Dravya, guṇa, paryāya (pajjava in Jaina Prākṛt). Guṇa, quality, is generally not admitted by the Jainas as a separate category, see Śīlāṅka's refutation of the Vaiśēṣika doctrines at the end of his comments on Sūtrakṛtāṅga I, 12 (Bombay edition, p. 482).
Singleness (ēkatva) makes a thing appear as one thing, separateness (pṛthaktva) as different from others.
A chadmastha is one who has not yet obtained Kēvala, or the highest knowledge; he is in the two guṇasthānas (the fourteen stages in the development of the soul from the lowest to the highest) characterised as 1. upaśāntamōha, and 2. kṣīṇamōha; viz. 1. that in which delusion is only temporarily separated from the soul, and 2. that in which delusion is finally destroyed.
The seven nayas are "points of view or principles with reference to which certain judgments are arrived at or arrangements made." Bhandarkar, Report, p. 112.
Charaṇaguṇa. The commentators make this a dvandva compound, and interpret charaṇa as vratādi, and guṇa as piṇḍaviśuddhi, etc.
By deliverance I have rendered mōkṣa, and by final perfection nirvāṇa. Mōkṣa denotes freedom from Karman, a condition which in Brāhmanical philosophy is called jīvanmukti.
Nivvitigicchā = nirvichikitsa. According to the commentary it may stand for nir-vid-jugupsā "without loathing the saints."

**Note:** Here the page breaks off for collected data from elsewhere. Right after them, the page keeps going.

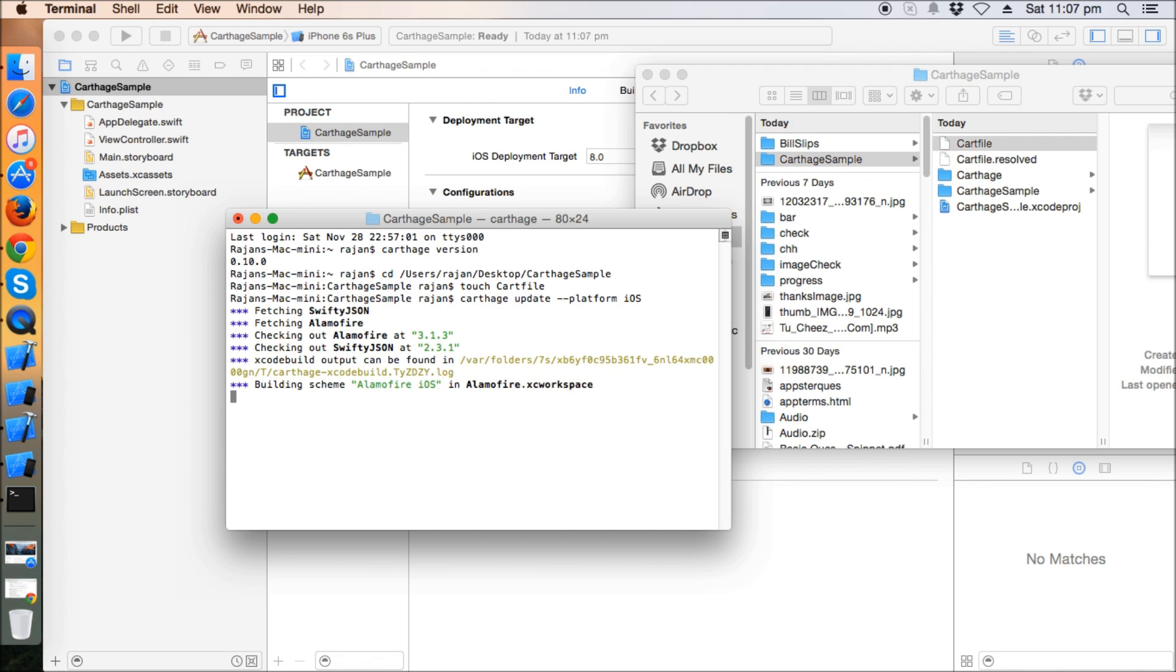There's a folder here created with the name Carthage, and here all the frameworks that you have written in the cart file will be present for you. It's now building SwiftyJSON.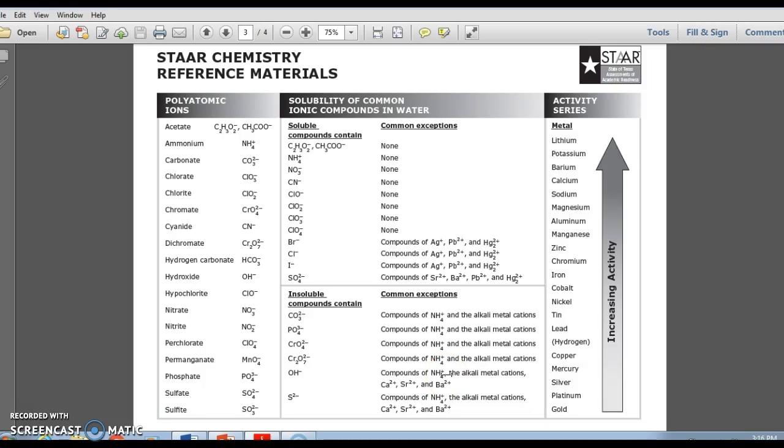Hi everyone, this is Mrs. Westmoreland, and today we're going to talk about solubility.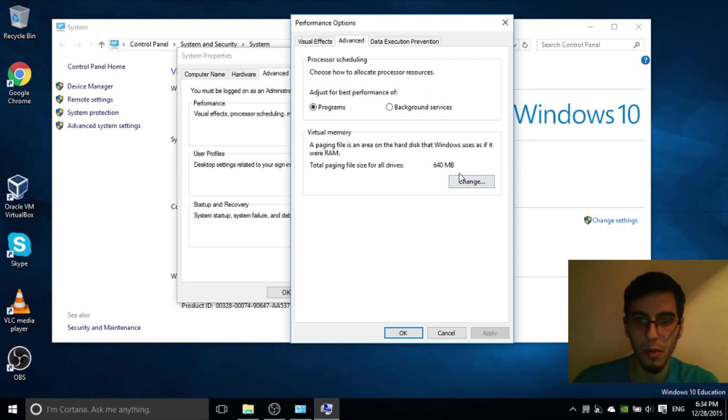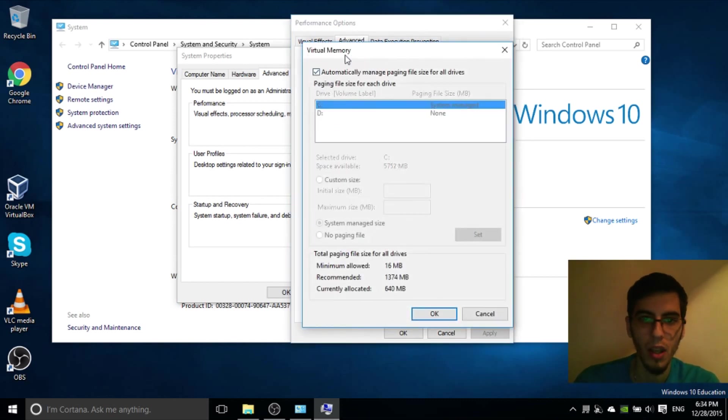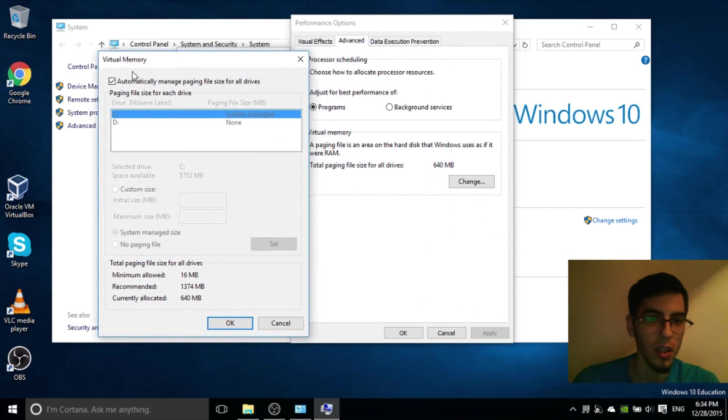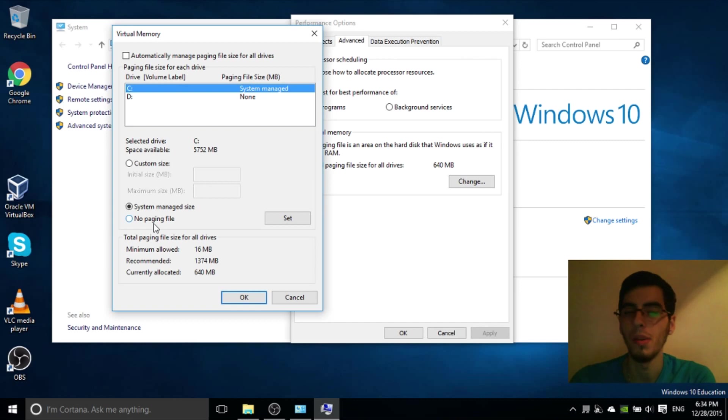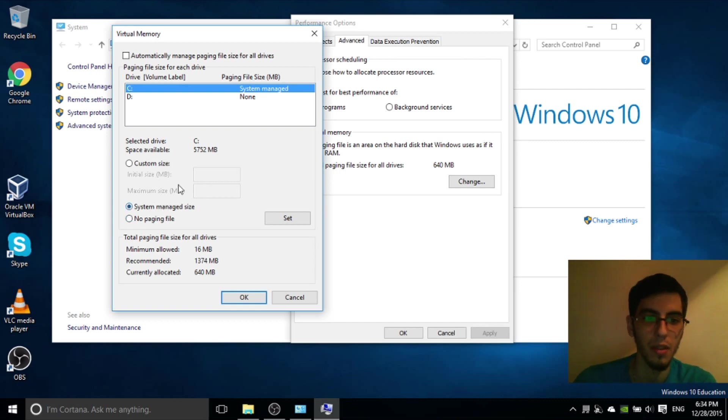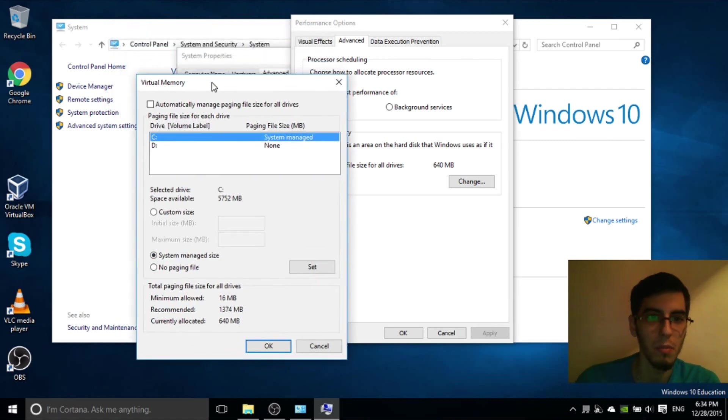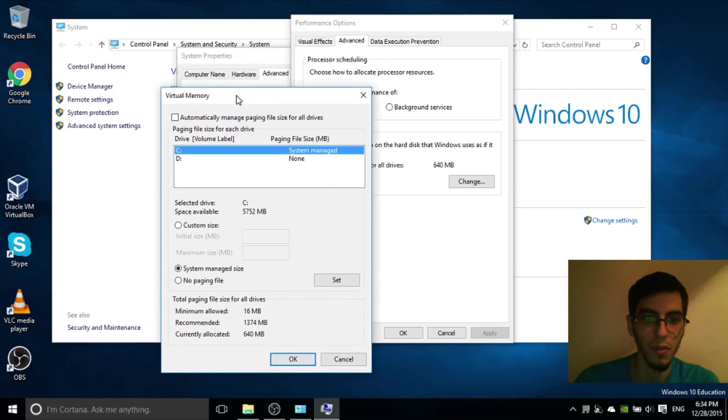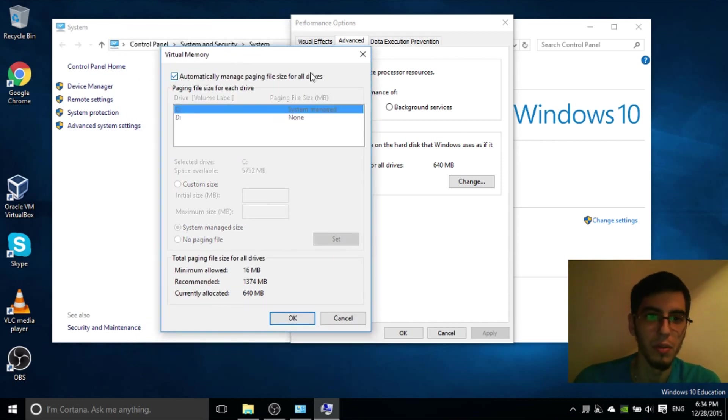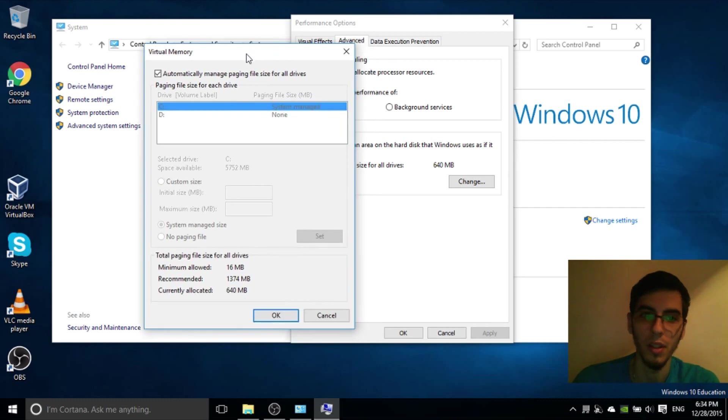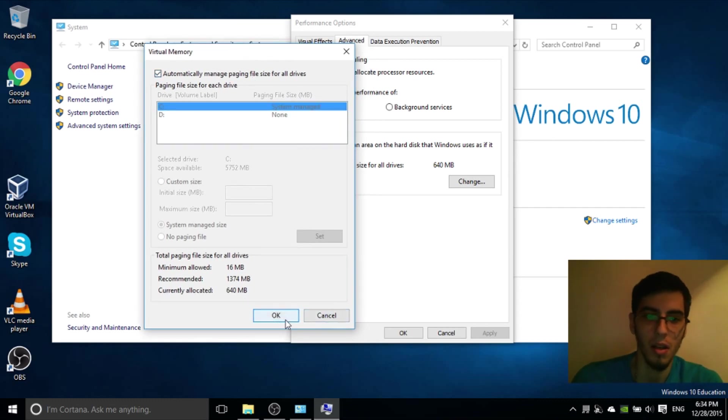On Virtual Memory, let it automatically manage paging files. I have changed it to no paging files but it is not a good idea. If you are not having a lot of memory, a lot of RAM on your computer, you really have to use the automatically manage paging files. So let it like this.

The Dīpikā contains the following details. Nine monks resolve to live together for eighteen months. They make one of their number their superior, kalpasthita, four become parihārikas, and the remaining four serve them (anuparihārikas). After six months the parihārikas become anuparihārikas and vice versa. After another six months the kalpasthita does penance and all the other monks serve him as anuparihārikas.